What to work on: Leave the pictures out and restate every line below exactly.

BEGIN Provided data

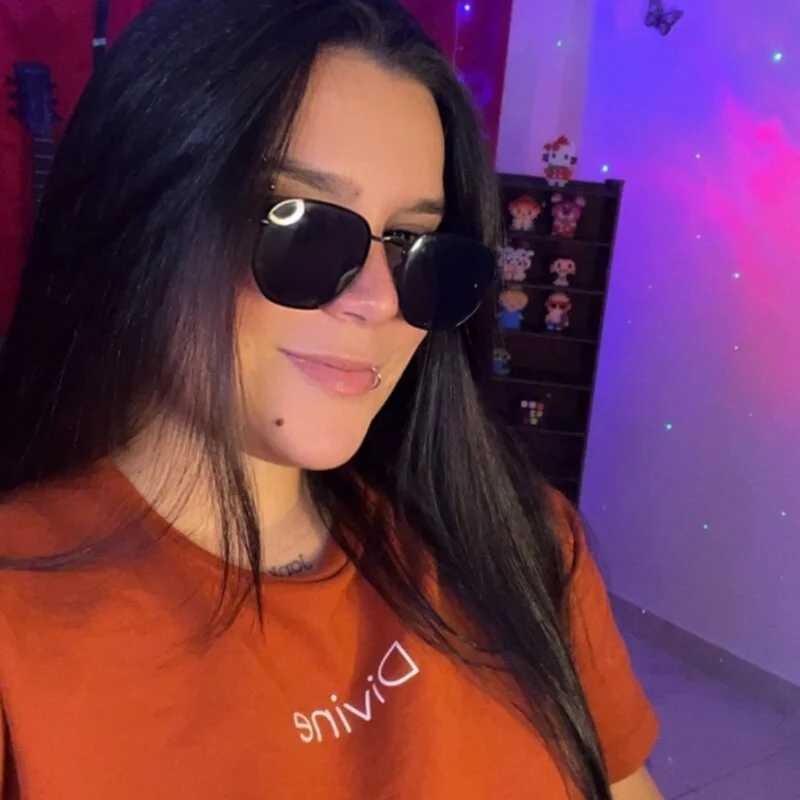 Nika_1_ — FansOnlyX creator profile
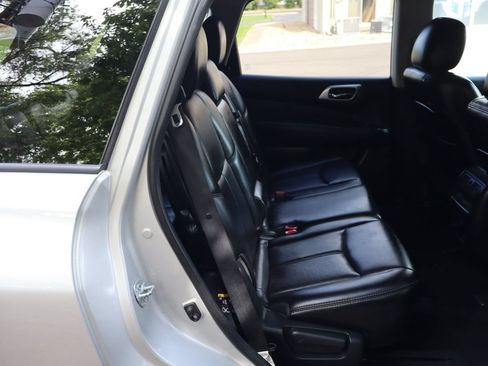 Used 2016 Nissan Pathfinder Platinum AWD/4WD image 23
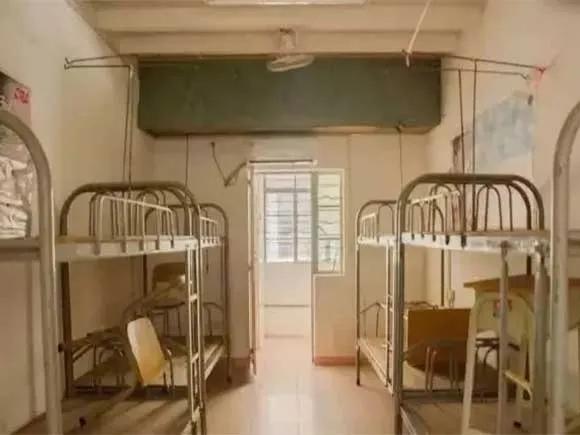 好的大学宿舍和差的大学的对比,大学宿舍差距大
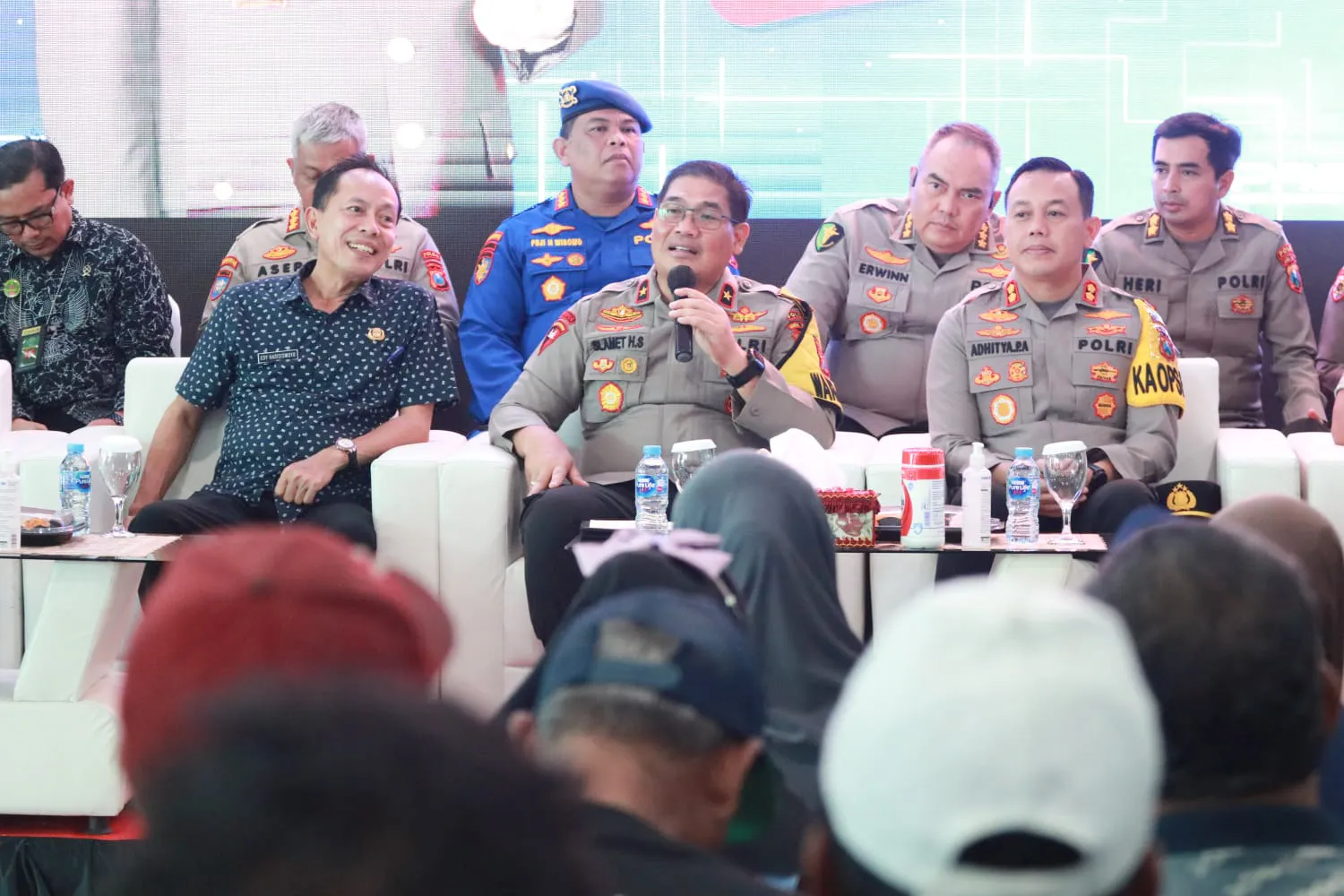 Tampung Aspirasi Nelayan, Polda Jatim Gelar Program Jum'at Curhat di Gresik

END Provided data

Worked solution:
 Nika_1_ — FansOnlyX creator profile
 Used 2016 Nissan Pathfinder Platinum AWD/4WD image 23
 好的大学宿舍和差的大学的对比,大学宿舍差距大
 Tampung Aspirasi Nelayan, Polda Jatim Gelar Program Jum'at Curhat di Gresik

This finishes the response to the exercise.